If the partnership were required to separately identify, on the Schedule K-1 issued to each general partner or managing member, the portion of any income allocation attributable to a profits interest held in lieu of a management fee or performance fee, revenue estimators would have a direct measure of the base. The Joint Committee on Taxation, Treasury's Office of Tax Analysis, and outside researchers would no longer need to impute carried interest amounts. This additional information would allow more precise revenue estimates and allow for a true assessment of the value of any change to the taxation of carried interest. Furthermore, the additional reporting would likely lead to an increase in compliance, and thus possibly more revenue.
Footnotes
- 1
See for example: Fleischer, Victor, Two and Twenty: Taxing Partnership Profits in Private Equity Funds. New York University Law Review, 2008, U of Colorado Law Legal Studies Research Paper No. 06-27, UCLA School of Law, Law-Econ Research Paper No. 06-11, Available here. Section 1231 gains arise from the sale or exchange of real or depreciable property used in a trade or business and held for more than one year, such as buildings, machinery, or land.
- 2
The use of carried interest does not convert ordinary income into capital gains at the aggregate level, but instead reallocates these income types between parties. Managers receive capital gains and dividends rather than ordinary salary income, while investors receive less dividend and capital gains income than they otherwise would.
- 3
There is often a management fee of 2 percent of investment that is taxed at ordinary rates. Hurdle rates can differ as well. Certain contracts offer ‘hard’ or ‘soft’ hurdle. If the former is in a place, a partner only receives carried interest on amounts above the hurdle rate while under the latter, a partner receives return on the entire portion after the hurdle rate has been reached. The percent that is carried interest can also vary by deal and be lower or higher than 20 percent in the stylized example.
- 4
The legislation was H.R. 2834 (2007), H.R. 3996 (2007), H.R. 6275 (passed as the Alternative Minimum Tax Relief Act of 2008), H.R. 1935 (2009) and H.R. 4213 (2009).
- 5
The Joint Committee on Taxation (JCT) estimated the revenue effect of this change to be just over $1 billion over ten years.
- 6
The proposal was paired with taxing capital gains at ordinary rates for taxpayers earning more than $1 million in Adjusted Gross Income (AGI).
- 7
Cooper, Michael, John McClelland, James Pearce, Richard Prisinzano, Joseph Sullivan, Danny Yagan, Owen Zidar, and Eric Zwick. “Business in the United States: Who Owns it and How Much Tax Do They Pay?” Office of Tax Analysis Working Paper 104, October 2015. https://home.treasury.gov/system/files/131/wp-104.pdf
- 8
Love, Michael, ”Who benefits from partnership flexibility?”, Journal of Public Economics, Volume 251, 2025. Available here.
- 9
An argument could be made that this building up is contributed capital and should not be treated as ordinary income.
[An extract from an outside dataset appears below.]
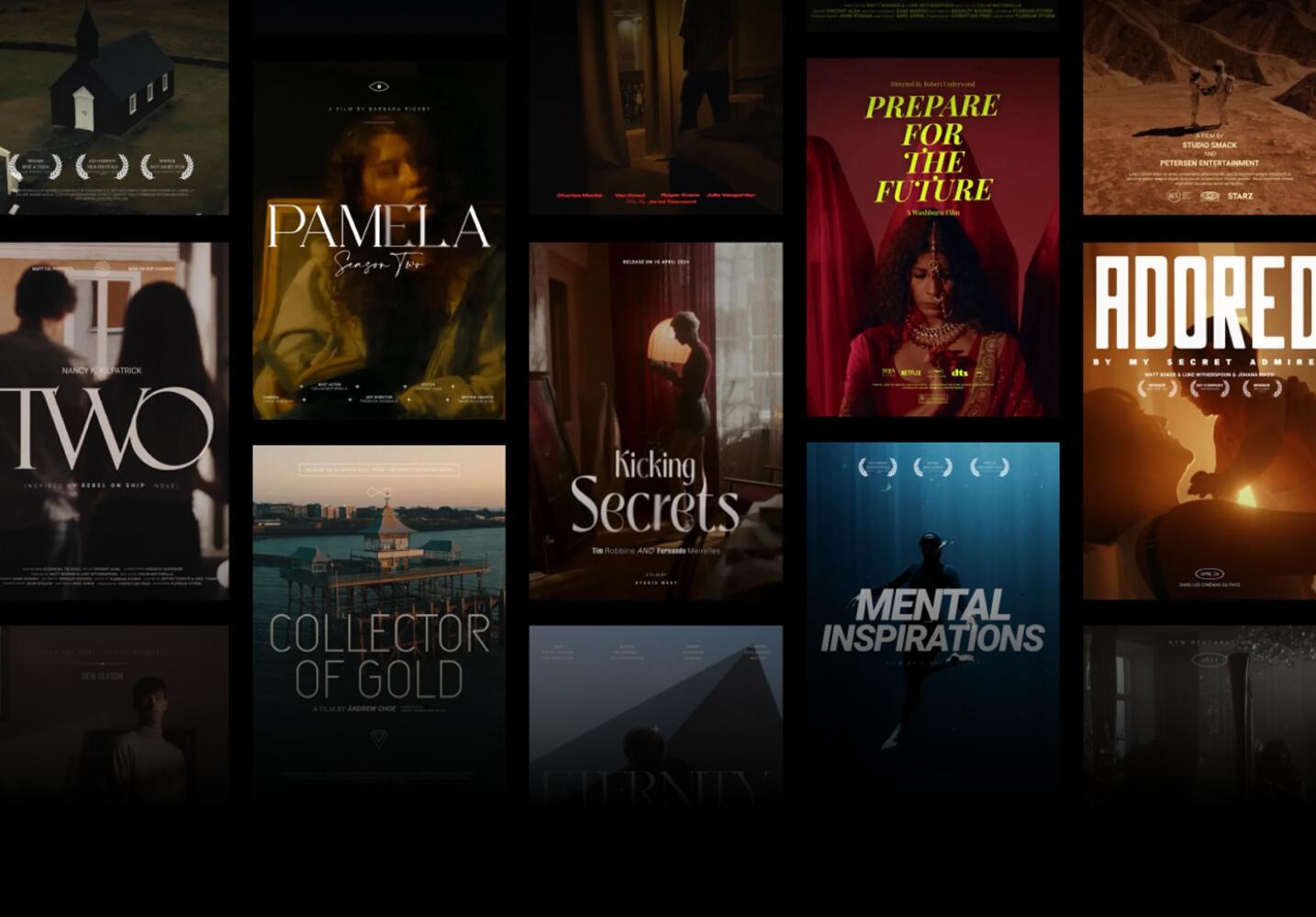 102组专业竖屏垂直好莱坞电影戏剧海报图文标题动画PR/AE模板+PSD模板套装 Pixflow – Animated Vertical Film Posters , 第2张-素材湾丨精选海外优质设计素材资源 102组专业竖屏垂直好莱坞电影戏剧海报图文标题动画PR/AE模板+PSD模板套装 Pixflow – Animated Vertical Film Posters , sucaiwan.com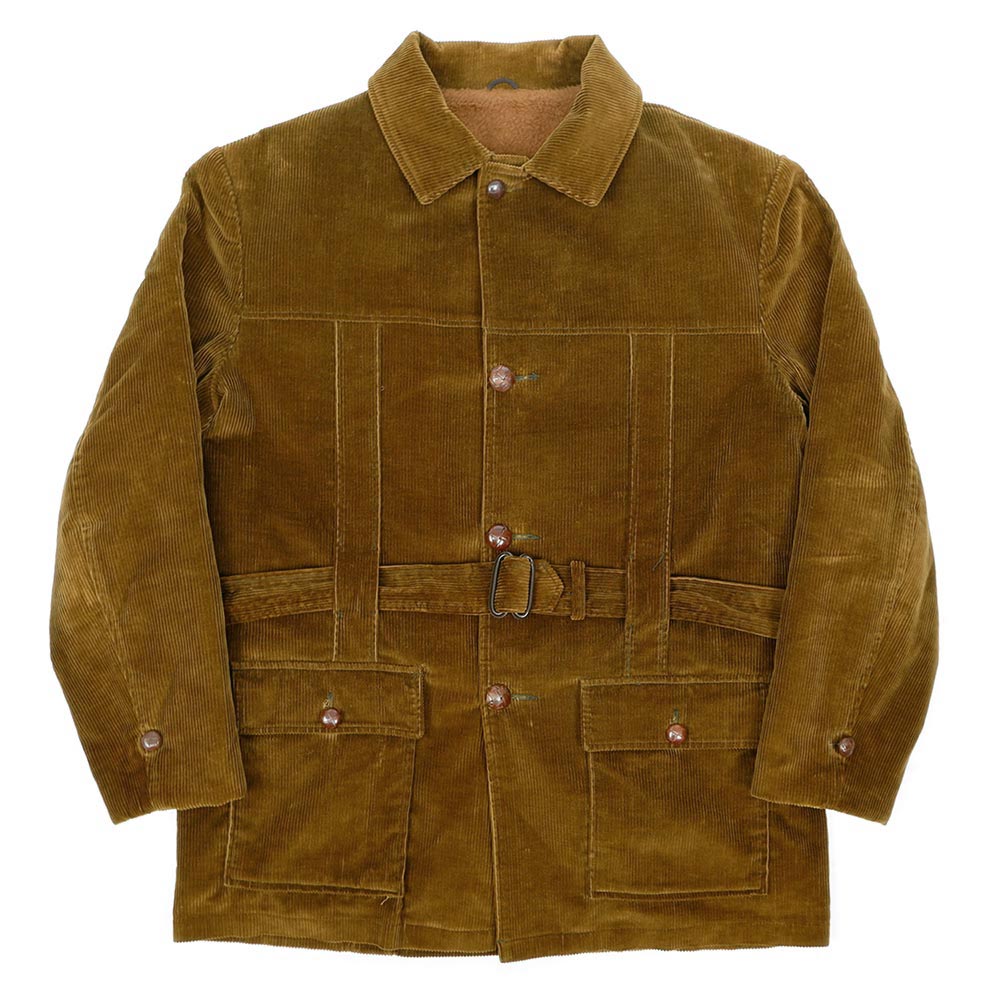 新商品10点UPしました。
For example, if a partner receives $100 in profits, but it is not distributed, it will increase the partner’s capital share. The earnings related to any gain on the $100 could be treated similarly to employee share purchases.
- 10
This simple calculation assumes that each capital share grows at the same rate. It is possible this does not hold. It is also possible that a partner yields a profit interest to ’pay’ the carried interest. In this case we are illustrating the simplest case.
- 11
These estimates include a deduction for labor expenses by businesses, which arises from the change in compensation to labor income.
- 12
Section 1231 gains arise from the sale or exchange of real or depreciable property used in a trade or business and held for more than one year, such as buildings, machinery, or land.